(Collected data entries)
---*---

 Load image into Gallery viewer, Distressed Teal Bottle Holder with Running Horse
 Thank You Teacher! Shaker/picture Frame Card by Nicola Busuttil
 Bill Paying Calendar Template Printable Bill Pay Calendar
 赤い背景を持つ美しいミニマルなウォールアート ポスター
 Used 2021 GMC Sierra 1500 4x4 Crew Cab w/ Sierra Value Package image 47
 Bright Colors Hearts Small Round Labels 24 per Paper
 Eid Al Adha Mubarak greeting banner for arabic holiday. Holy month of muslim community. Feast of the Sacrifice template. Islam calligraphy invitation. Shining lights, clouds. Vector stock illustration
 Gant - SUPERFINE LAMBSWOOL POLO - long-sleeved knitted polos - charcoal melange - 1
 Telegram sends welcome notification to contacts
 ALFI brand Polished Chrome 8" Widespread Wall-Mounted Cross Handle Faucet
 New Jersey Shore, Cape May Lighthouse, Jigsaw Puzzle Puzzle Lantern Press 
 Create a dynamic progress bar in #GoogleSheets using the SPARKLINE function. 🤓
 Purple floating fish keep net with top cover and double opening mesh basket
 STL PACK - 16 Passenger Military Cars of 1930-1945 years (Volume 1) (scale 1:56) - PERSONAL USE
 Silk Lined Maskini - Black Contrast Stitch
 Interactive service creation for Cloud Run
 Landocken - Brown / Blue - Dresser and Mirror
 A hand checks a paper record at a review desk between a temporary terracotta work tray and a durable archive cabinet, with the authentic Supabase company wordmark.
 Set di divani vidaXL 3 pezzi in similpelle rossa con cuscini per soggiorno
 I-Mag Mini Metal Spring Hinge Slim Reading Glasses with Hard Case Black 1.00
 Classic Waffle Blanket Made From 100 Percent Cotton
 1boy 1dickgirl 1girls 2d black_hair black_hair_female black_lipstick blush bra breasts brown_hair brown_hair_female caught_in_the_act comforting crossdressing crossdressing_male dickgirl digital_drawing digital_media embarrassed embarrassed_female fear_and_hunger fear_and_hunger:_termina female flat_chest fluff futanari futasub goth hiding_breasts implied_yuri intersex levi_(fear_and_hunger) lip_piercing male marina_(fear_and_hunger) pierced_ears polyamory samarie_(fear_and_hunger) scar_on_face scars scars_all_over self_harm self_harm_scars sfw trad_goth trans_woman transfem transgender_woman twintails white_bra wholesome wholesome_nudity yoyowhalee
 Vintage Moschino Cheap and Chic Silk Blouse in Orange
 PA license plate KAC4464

---*---

Work task: Could you retype every line of the data exactly?

Answer space:
 Load image into Gallery viewer, Distressed Teal Bottle Holder with Running Horse
 Thank You Teacher! Shaker/picture Frame Card by Nicola Busuttil
 Bill Paying Calendar Template Printable Bill Pay Calendar
 赤い背景を持つ美しいミニマルなウォールアート ポスター
 Used 2021 GMC Sierra 1500 4x4 Crew Cab w/ Sierra Value Package image 47
 Bright Colors Hearts Small Round Labels 24 per Paper
 Eid Al Adha Mubarak greeting banner for arabic holiday. Holy month of muslim community. Feast of the Sacrifice template. Islam calligraphy invitation. Shining lights, clouds. Vector stock illustration
 Gant - SUPERFINE LAMBSWOOL POLO - long-sleeved knitted polos - charcoal melange - 1
 Telegram sends welcome notification to contacts
 ALFI brand Polished Chrome 8" Widespread Wall-Mounted Cross Handle Faucet
 New Jersey Shore, Cape May Lighthouse, Jigsaw Puzzle Puzzle Lantern Press 
 Create a dynamic progress bar in #GoogleSheets using the SPARKLINE function. 🤓
 Purple floating fish keep net with top cover and double opening mesh basket
 STL PACK - 16 Passenger Military Cars of 1930-1945 years (Volume 1) (scale 1:56) - PERSONAL USE
 Silk Lined Maskini - Black Contrast Stitch
 Interactive service creation for Cloud Run
 Landocken - Brown / Blue - Dresser and Mirror
 A hand checks a paper record at a review desk between a temporary terracotta work tray and a durable archive cabinet, with the authentic Supabase company wordmark.
 Set di divani vidaXL 3 pezzi in similpelle rossa con cuscini per soggiorno
 I-Mag Mini Metal Spring Hinge Slim Reading Glasses with Hard Case Black 1.00
 Classic Waffle Blanket Made From 100 Percent Cotton
 1boy 1dickgirl 1girls 2d black_hair black_hair_female black_lipstick blush bra breasts brown_hair brown_hair_female caught_in_the_act comforting crossdressing crossdressing_male dickgirl digital_drawing digital_media embarrassed embarrassed_female fear_and_hunger fear_and_hunger:_termina female flat_chest fluff futanari futasub goth hiding_breasts implied_yuri intersex levi_(fear_and_hunger) lip_piercing male marina_(fear_and_hunger) pierced_ears polyamory samarie_(fear_and_hunger) scar_on_face scars scars_all_over self_harm self_harm_scars sfw trad_goth trans_woman transfem transgender_woman twintails white_bra wholesome wholesome_nudity yoyowhalee
 Vintage Moschino Cheap and Chic Silk Blouse in Orange
 PA license plate KAC4464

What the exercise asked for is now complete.